[Data]:

*-*-*

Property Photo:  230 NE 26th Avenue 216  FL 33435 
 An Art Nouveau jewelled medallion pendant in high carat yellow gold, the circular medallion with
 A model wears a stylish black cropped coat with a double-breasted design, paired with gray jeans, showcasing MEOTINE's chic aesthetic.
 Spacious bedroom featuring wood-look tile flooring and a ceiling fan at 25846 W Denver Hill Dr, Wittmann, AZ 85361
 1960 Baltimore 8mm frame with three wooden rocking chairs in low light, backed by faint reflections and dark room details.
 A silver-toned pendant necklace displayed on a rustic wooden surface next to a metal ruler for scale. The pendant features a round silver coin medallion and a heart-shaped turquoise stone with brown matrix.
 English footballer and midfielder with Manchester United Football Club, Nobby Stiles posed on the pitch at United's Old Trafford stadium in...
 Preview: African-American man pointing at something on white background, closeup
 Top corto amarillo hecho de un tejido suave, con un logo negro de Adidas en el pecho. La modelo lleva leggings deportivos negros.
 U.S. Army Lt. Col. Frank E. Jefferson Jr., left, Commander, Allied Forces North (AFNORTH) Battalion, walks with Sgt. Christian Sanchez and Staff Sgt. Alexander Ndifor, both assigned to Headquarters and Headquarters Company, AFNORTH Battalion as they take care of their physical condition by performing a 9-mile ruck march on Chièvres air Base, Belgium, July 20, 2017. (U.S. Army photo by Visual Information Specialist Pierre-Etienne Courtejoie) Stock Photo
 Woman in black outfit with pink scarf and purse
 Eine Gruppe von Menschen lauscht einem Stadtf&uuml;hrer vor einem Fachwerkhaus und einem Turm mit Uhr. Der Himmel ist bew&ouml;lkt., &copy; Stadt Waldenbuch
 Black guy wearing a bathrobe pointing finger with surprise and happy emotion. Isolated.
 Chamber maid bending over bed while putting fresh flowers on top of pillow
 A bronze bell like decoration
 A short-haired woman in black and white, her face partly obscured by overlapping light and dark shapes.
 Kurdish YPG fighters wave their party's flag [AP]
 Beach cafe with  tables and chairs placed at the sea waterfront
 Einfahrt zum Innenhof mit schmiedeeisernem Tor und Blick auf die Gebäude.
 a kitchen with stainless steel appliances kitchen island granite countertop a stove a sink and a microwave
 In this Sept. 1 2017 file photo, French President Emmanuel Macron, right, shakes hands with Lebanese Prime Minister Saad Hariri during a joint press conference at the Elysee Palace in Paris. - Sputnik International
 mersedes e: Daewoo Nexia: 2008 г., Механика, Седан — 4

*-*-*

[Your objective]: Starting with the line with "English footballer and" above and going on through the line with "U.S. Army Lt.", transcribe every line exactly, both ends included, and add nothing.

[Exercise answer]:
 English footballer and midfielder with Manchester United Football Club, Nobby Stiles posed on the pitch at United's Old Trafford stadium in...
 Preview: African-American man pointing at something on white background, closeup
 Top corto amarillo hecho de un tejido suave, con un logo negro de Adidas en el pecho. La modelo lleva leggings deportivos negros.
 U.S. Army Lt. Col. Frank E. Jefferson Jr., left, Commander, Allied Forces North (AFNORTH) Battalion, walks with Sgt. Christian Sanchez and Staff Sgt. Alexander Ndifor, both assigned to Headquarters and Headquarters Company, AFNORTH Battalion as they take care of their physical condition by performing a 9-mile ruck march on Chièvres air Base, Belgium, July 20, 2017. (U.S. Army photo by Visual Information Specialist Pierre-Etienne Courtejoie) Stock Photo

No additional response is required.